In [1]:
import torch
from torch import nn, optim
from torch.utils.data import Dataset, DataLoader

import syft as sy
import numpy as np
from pathlib import Path
import pandas as pd
from tqdm.notebook import tqdm
np.random.seed(666)

hook = sy.TorchHook(torch)
from Distributed_HM_Data import Distributed_HM, binary_acc

dataDir = Path.cwd().parent/'Data/'
print("Test")

Test


In [2]:
class HMSaleTrainDataLoader(Dataset):
    """HMSaleTrainDataLoader Training set of HM sales data

    Args:
        transactions (pd.DataFrame): Dataframe of transaction records
        all_products_id (list): A list contains all product ids
    """
    def __init__(self, transactions, all_products_id):
        self.customers, self.products, self.prices, self.sales_channels, \
        self.club_status, self.age_groups, self.product_groups, self.color_groups, \
        self.index_name, self.labels = self.get_dataset(transactions, all_products_id)

    def __len__(self):
        return len(self.customers)
    
    def __getitem__(self, idx):
        return self.customers[idx], self.products[idx], self.prices[idx], self.sales_channels[idx], self.club_status[idx], \
               self.age_groups[idx], self.product_groups[idx], self.color_groups[idx], self.index_name[idx], self.labels[idx]
    
    def get_dataset(self, transactions, all_products_id):
        customers, products, prices, sales_channels, club_status, age_groups, product_groups, color_groups, index_name, labels  = [], [], [], [], [], [], [], [], [], []
        customer_product_set = set(zip(transactions["customer_id"], transactions["article_id"], 
                                       transactions["price"], transactions["sales_channel_id"], 
                                       transactions["club_member_status"], transactions["age"], 
                                       transactions["product_group_name"], transactions["colour_group_name"], transactions["index_name"]))
        
        """negative sampling"""
        # set up negative:positive ratio as 4:1
        negative_samples = 4

        for u, i, price, sale, club, age, product, color, index in tqdm(customer_product_set):
            customers.append(u)
            products.append(i)
            prices.append(price)
            sales_channels.append(sale)
            club_status.append(club)
            age_groups.append(age)
            product_groups.append(product)
            color_groups.append(color)
            index_name.append(index)
            labels.append(1)
            for _ in range(negative_samples):
                negative_product = np.random.choice(all_products_id)
                while (u, negative_product, price, sale, club, age, product, color, index) in customer_product_set:
                    negative_product = np.random.choice(all_products_id)
                customers.append(u)
                products.append(negative_product)
                prices.append(price)
                sales_channels.append(sale)
                club_status.append(club)
                age_groups.append(age)
                product_groups.append(product)
                color_groups.append(color)
                index_name.append(index)
                labels.append(0)
        return torch.tensor(customers), torch.tensor(products), torch.tensor(prices), torch.tensor(sales_channels), \
               torch.tensor(club_status), torch.tensor(age_groups), torch.tensor(product_groups), torch.tensor(color_groups), \
               torch.tensor(index_name), torch.tensor(labels)


In [3]:
hm_data = pd.read_csv(dataDir/'small_train.csv')
all_products_id = hm_data["article_id"].unique()
train_data = HMSaleTrainDataLoader(hm_data, all_products_id)
train_loader = DataLoader(train_data, batch_size=64, shuffle=True)

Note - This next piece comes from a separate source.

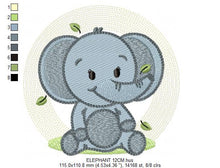 Charger l&#39;image dans la galerie, Elephant embroidery designs - Animal embroidery design machine embroidery pattern - Baby boy embroidery file - kid embroidery Towel pillow
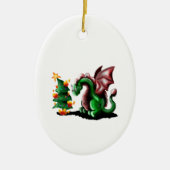 Frohe Weihnachtsdrache Keramik Ornament (Vorne)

  0%|          | 0/1403 [00:00<?, ?it/s]

In [4]:
# set up virtual worker
sales_domain = sy.VirtualWorker(hook, id="sales_domain")
customer_domain = sy.VirtualWorker(hook, id="customer_domain")
product_domain = sy.VirtualWorker(hook, id="product_domain")
server = sy.VirtualWorker(hook, id="server")

data_owners = (sales_domain, customer_domain, product_domain)
model_locations = [sales_domain, customer_domain, product_domain, server]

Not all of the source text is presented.